It's high times on the South side, now that seven straight victories have brought the Sox into 1st place for the first time since the beginning of the month. May 30th is already later than the Sox were in 1st place at any point last season. Last season was rough.
Paul Konerko's 14-game hitting streak came to an end Tuesday, but he won American Player of the Week honors for hitting 14 of 24 with four doubles, three home runs, two walks, ten runs scored and ten RBI.
Konerko is now the only American League player to win the award twice this season, which might be more conducive to being named MVP than leading the league in wins above replacement. That said, something drastic will have to happen for Josh Hamilton to fall out of favor.
Kevin Goldstein of Baseball Prospectus has been referring to Konerko as having "the best approach in baseball" of recent, and elaborated further on a recent podcast, describing it as "Konerko has an oval, and anything outside of it, he doesn't swing at. Anything inside of it, he kills."
Mark Gonzales points out that Konerko's hitting skills have driven his success more than most, since his lack of speed makes him almost completely incapable of legging out an infield hit.
Magglio calls it quits
Now that the baseball season is two months in and hasn't featured any Magglio Ordonez, he's announcing his retirement and the Tigers are setting up to celebrate his career. Since the White Sox won the title the season after he left under contentious circumstances, and the bulk of Ordonez's playoff appearances and national exposure came in Detroit.
However, he played 154 more games in a White Sox uniform than a Detroit one, and saw the peak of his power-hitting career in Chicago, compiling four straight 30+ HR seasons from 1999-2002. It ended in 2003, when he hit 29. He also represented the White Sox in four All-Star games.
There was a point in time where Magglio was on the same team with Frank Thomas and Paul Konerko, and was better than both of them.
Konerko called him, "Definitely the best all-around player that I played with."
Cooper has no time for pitch counts
Don Cooper lashed out at suggestions that Chris Sale ran up too high of a pitch count on Monday, and did so with vigor.
"This pitch count thing, we’re in the American League," Cooper said. "We’re not in Little League. But nevertheless, people that bring up pitch counts are people who have nothing else to really know. And it just blows me away.
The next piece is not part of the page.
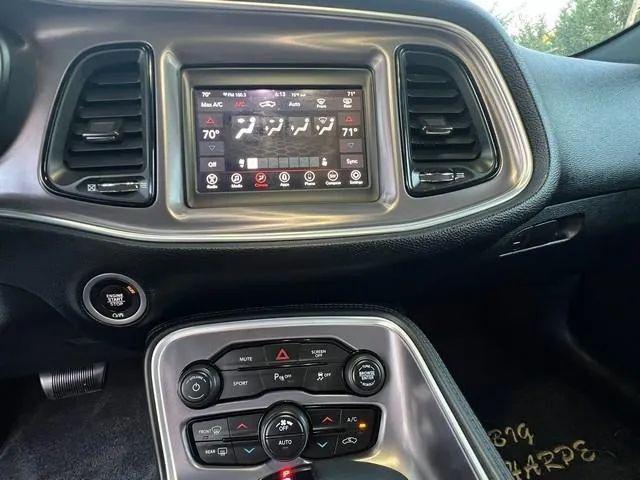2019 Dodge Challenger SXT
They’re doing that to say, ‘God forbid if someone goes down, I told you so.’ And these are people that are not in the arena and never really played, so what kind of validity does any of that hold?
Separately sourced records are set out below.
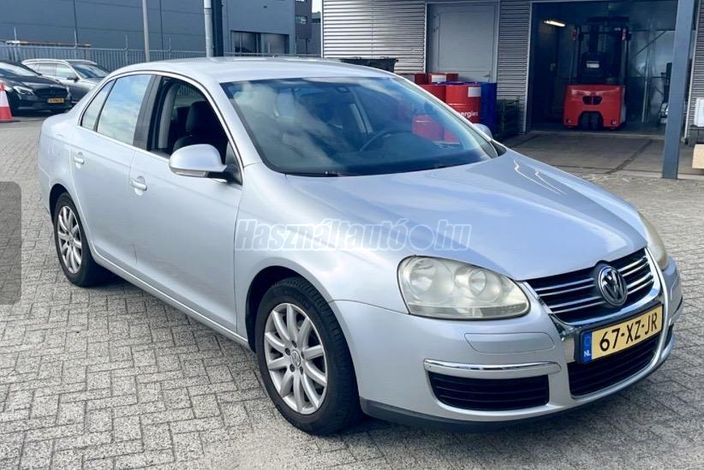 VOLKSWAGEN JETTA 1.6 FSI Sportline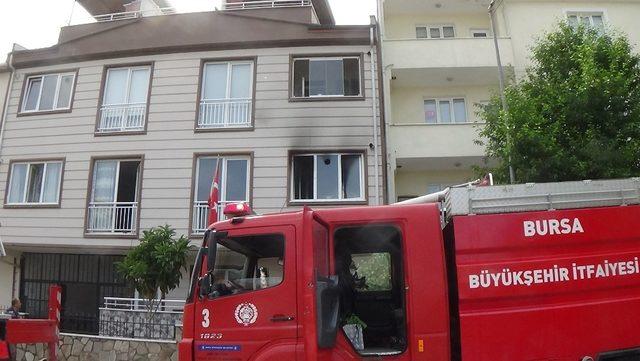 İnegöl’de yangında dumandan etkilenen çocuk hastaneye kaldırıldı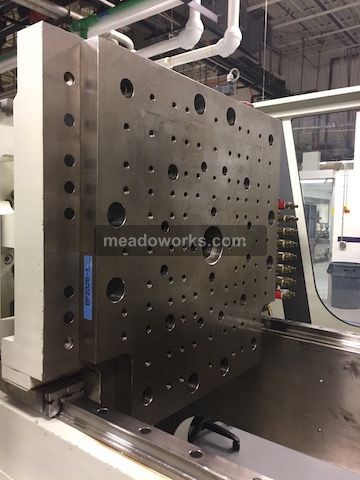 2010 Engel e-Victory 740/240US - 4573-5.jpg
Cooper referred to the White Sox excellent history of maintaining player health--as has become his habit--and also cited the cautious current treatment of John Danks. He also referred to the Sox as "skipping sidelines " (throwing sessions), which would be more of a troubling practice, but he could have been alluding to it as a common step taken by the team.
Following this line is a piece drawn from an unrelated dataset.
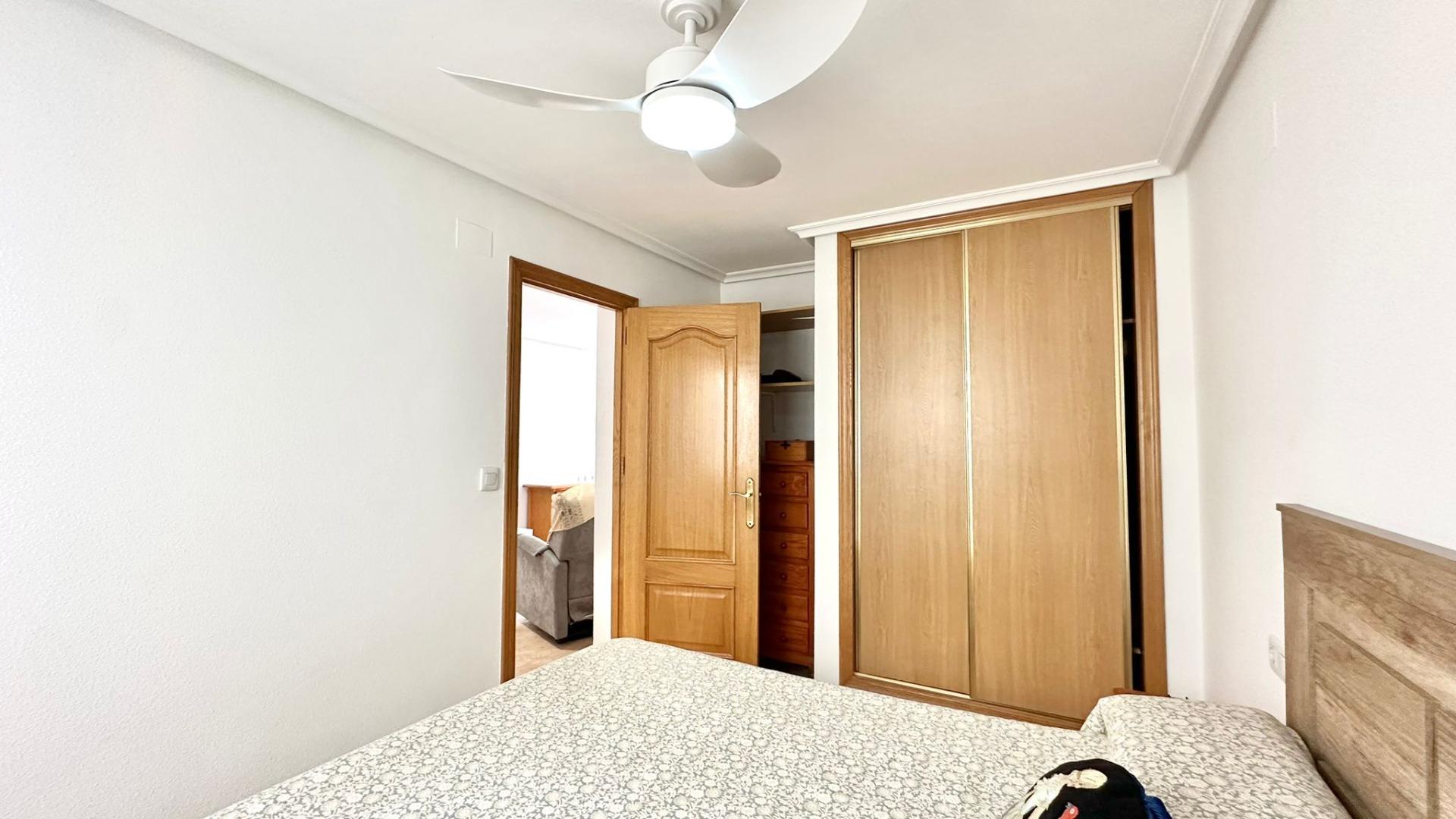 2 Bed, 1 Bath, ApartmentFor Sale, Torrevieja, Alicante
Above all, if Sale is going to be a starter, he's going to need to have a starter workload, and 115 relative low-stress pitches on a day where he has the best stuff of his life is hardly a bad maximum to have.
And if there needs to be further confirmation of how good Chris Sale's stuff was Monday, look no further than B.J Upton's facial expression, or check out Michael Barr of FanGraphs' piece on Sale's increased velocity in his last start.